Maintaining 2 buffers to keep the positives separated from the negatives sounds like a pain and inefficient.
You could instead have a single buffer with all the values, and use std::accumulate to count up the positives and negatives. If you start with a collection of all the tuples (each of which has an age and a value), you could begin by sorting the collection according to age, finding the last element that is <= 1 ms old, and then using accumulate from begin() to that point. Here's some code that demonstrates that last bit:
#include <algorithm>
#include <numeric>
#include <iterator>
#include <vector>
#include <string>
#include <ctime>
using namespace std;
struct Counter
{
Counter(unsigned pos=0, unsigned neg=0) : pos_(pos), neg_(neg) {};
unsigned pos_, neg_;
Counter& operator+(int n)
{
if( n < 0 )
++neg_;
else if( n > 0 )
++pos_;
return * this;
}
};
int main()
{
srand((unsigned)time(0));
vector<int> vals;
generate_n(back_inserter(vals), 1000, []()
{
return (rand() / (RAND_MAX/40)) - 20;
});
Counter cnt = accumulate(vals.begin(), vals.end(), Counter());
}
If sorting the collection by age and then searching the sorted results for the last eligible entry sounds too ineficient, you could use for_each_if instead of accumulate and simply iterate over the whole collection once. for_each_if isn't part of the Standard Library, but it's easy enough to write. If you don't want to muck about with writing your own for_each_if that's fine, too. You could simply tweak the accumulator a bit so that it doesn't accumulate elements which are too old:
#include <algorithm>
#include <numeric>
#include <iterator>
#include <vector>
#include <string>
#include <ctime>
using namespace std;
struct Tuple
{
int val_;
unsigned age_;
};
struct Counter
{
Counter(unsigned pos=0, unsigned neg=0) : pos_(pos), neg_(neg) {};
unsigned pos_, neg_;
Counter& operator+(const Tuple& tuple)
{
if( tuple.age_ > 1 )
return * this;
if( tuple.val_ < 0 )
++neg_;
else if( tuple.val_ > 0 )
++pos_;
return * this;
}
};
int main()
{
srand((unsigned)time(0));
vector<Tuple> tuples;
generate_n(back_inserter(tuples), 1000, []() -> Tuple
{
Tuple retval;
retval.val_ = (rand() / (RAND_MAX/40)) - 20;
retval.age_ = (rand() / (RAND_MAX/5));
return retval;
});
Counter cnt = accumulate(tuples.begin(), tuples.end(), Counter());
}
I would store the values in a min-heap keyed by timestamp - so the youngest values are at the top of the heap. The integer value is auxiliary data at each node. You could then implement the counting with a recursive function that traverses the heap. You'd pass the running total of negative and positive back up the recursive call.

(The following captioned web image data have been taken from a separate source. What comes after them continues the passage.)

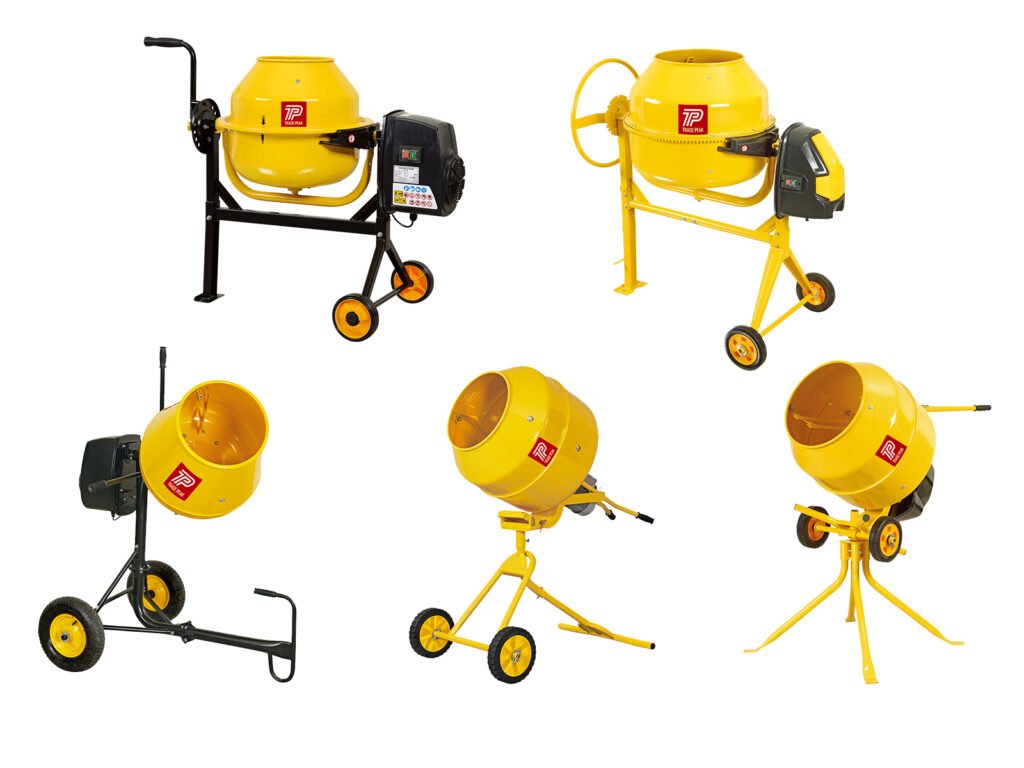 Trade Peak 1.6 ft. Electric Concrete Mixer from Home Depot Full Assembly 3 concrete mixer collection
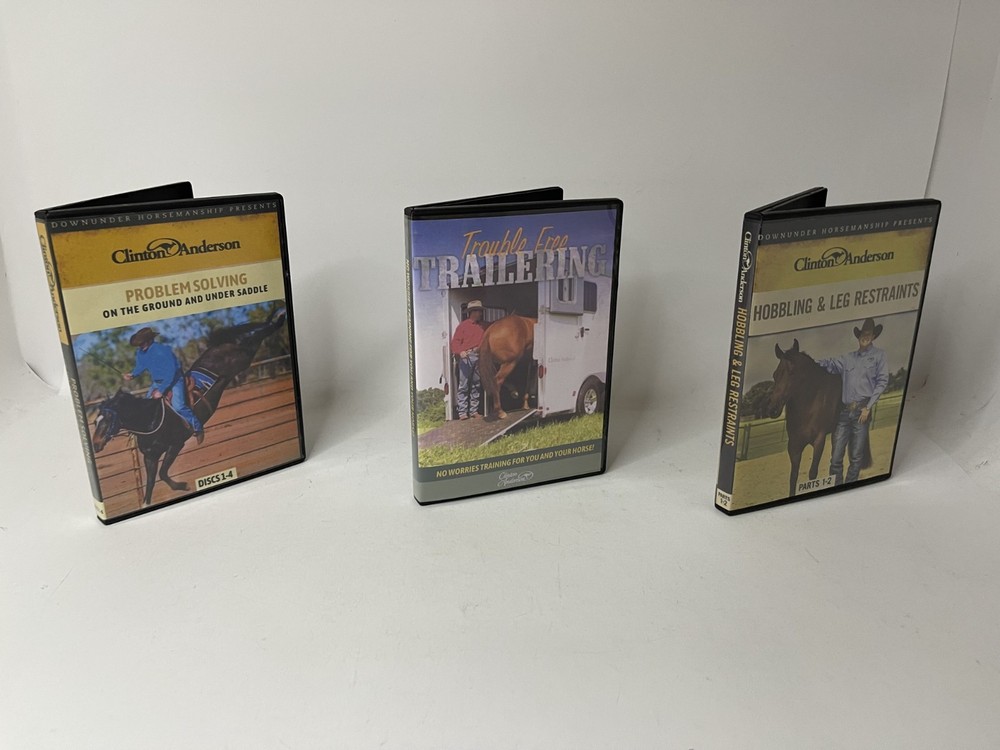 Clinton Anderson Trailering, Leg Control, and Ground Problem-Solving 3 Courses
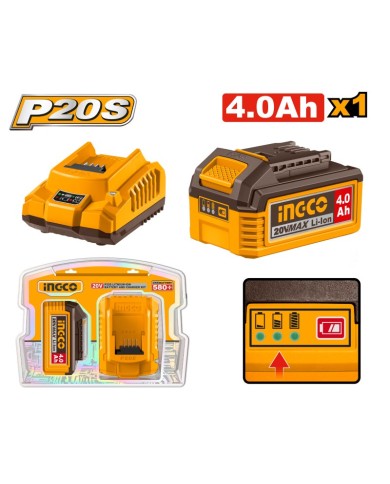 KIT BATTERIA FBLI2001E 4AH +CARICABATT FCLI2001E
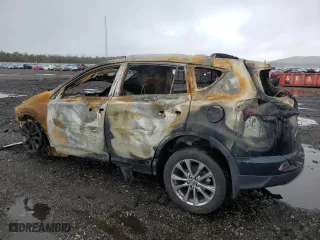 2018 Toyota RAV4 Limited with VIN JTMDFREV7JJ739757, listed as a Copart auction lot 49266375 with 0 mi miles and Salvage Title. Bid and sale history available at carsss.com. Image 2.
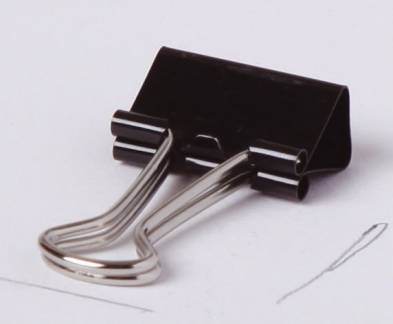 Papirklemmer Office DEPOT 19mm Foldback 12stk/pak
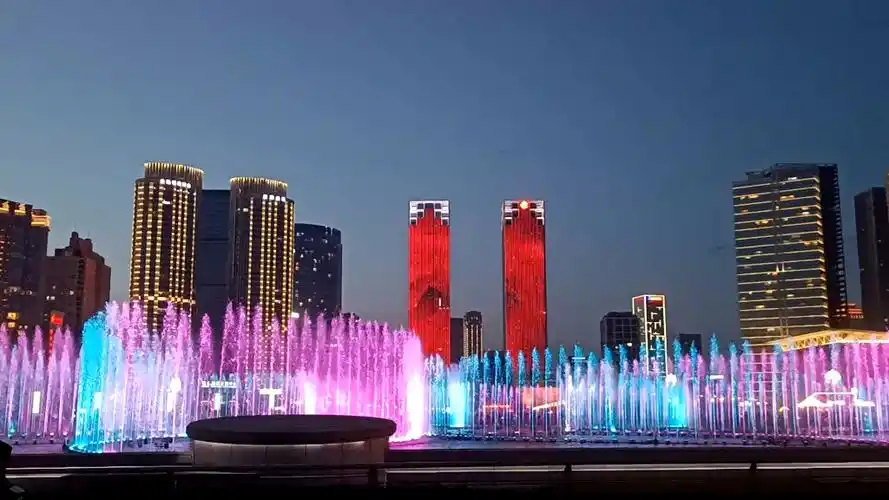 大连星海广场音乐喷泉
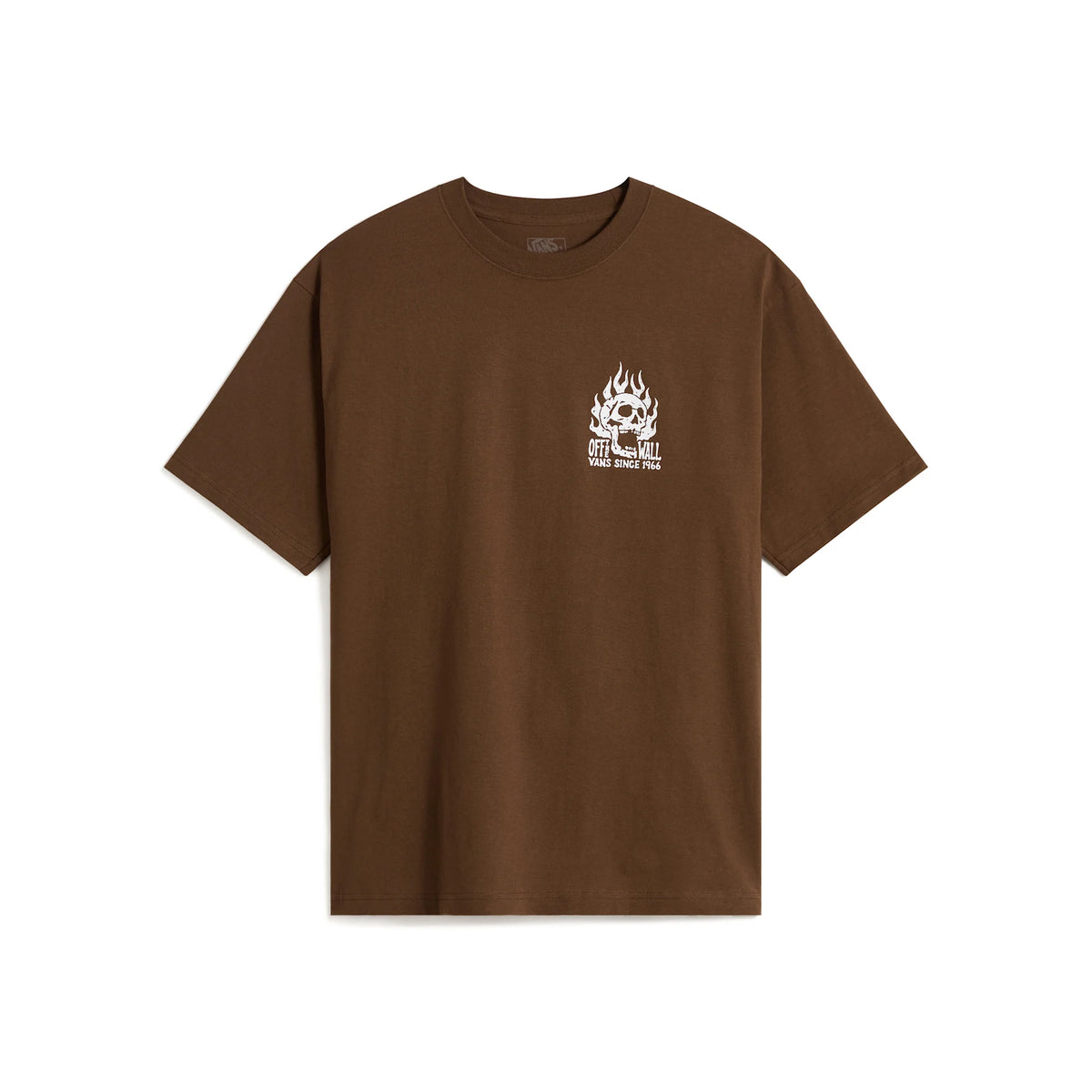 Vans Mens Off The Wall Fever T-Shirt Vn000vw0fst1 Cocoa Clothing M / Brown,L / Brown,XL / Brown,XXL / Brown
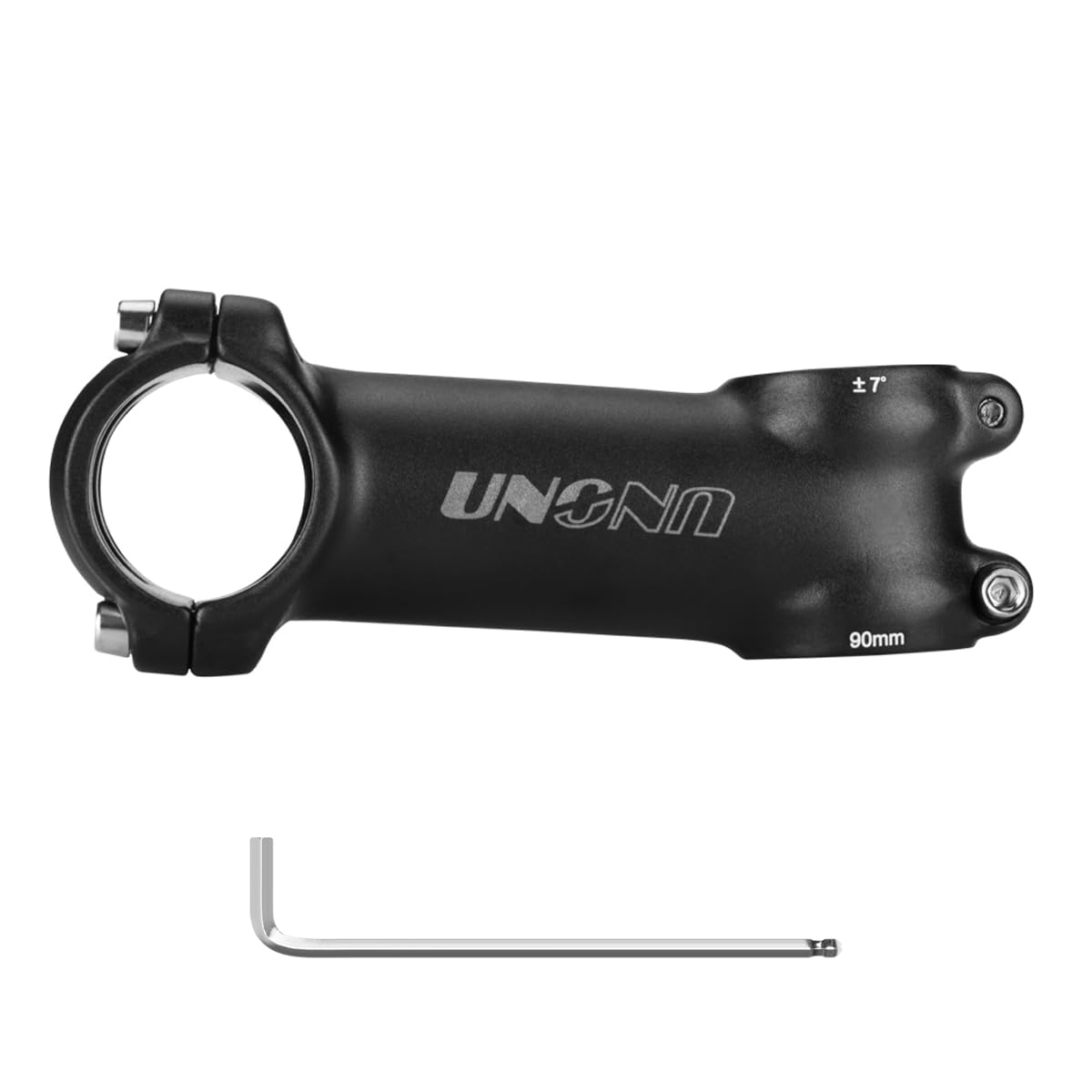 CYSKY Bike Stem 31.8mm 25.4mm MTB Stem 60/70/80/90/100/110/120/130mm 7 Degree Mountain Bike Stem Short Handlebar Stem Riser for MTB Road Bike Gravel City Bike Ebike (25.4mm Handlebar Clamp, 90mm)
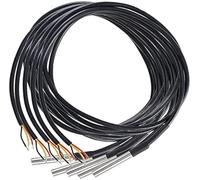 ICQUANZX 5PCS Sensor de sonda de temperatura a prueba de agua Termómetro de termopar con cable térmico de resistencia al calor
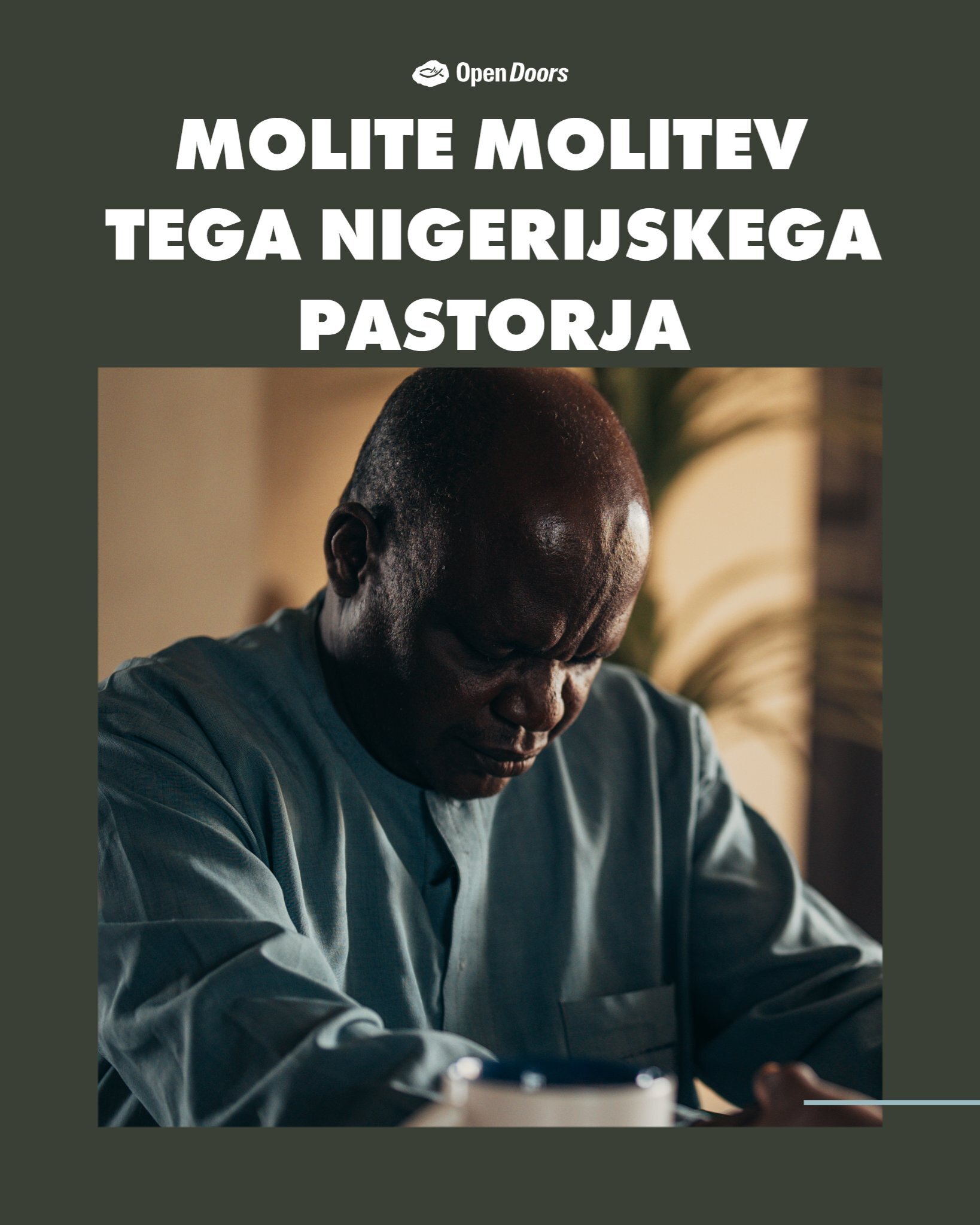 Molitev pastorja Josiaha za kristjane v podsaharski Afriki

It would look something like this, in Python-like pseudocode with types:
def young_pos_and_neg(Time currtime, HeapNode p):
if (p is not None and currtime - p.time < 1):
posleft, negleft = young_pos_and_neg(p.leftChild())
posright, negright = young_pos_and_neg(p.rightChild())
totpos = posleft + posright
totneg = negleft + negright
if (p.intValue < 0):
return totpos, totneg + 1
else:
return totpos + 1, totneg
else:
return 0, 0
If you call this on the heap root before inserting the new value - but with the new value's timestamp as the currtime argument - you will get a count of each. It may not be the fastest possible way, but it's pretty simple and elegant. In C++ you could replace the tuple return value with a struct.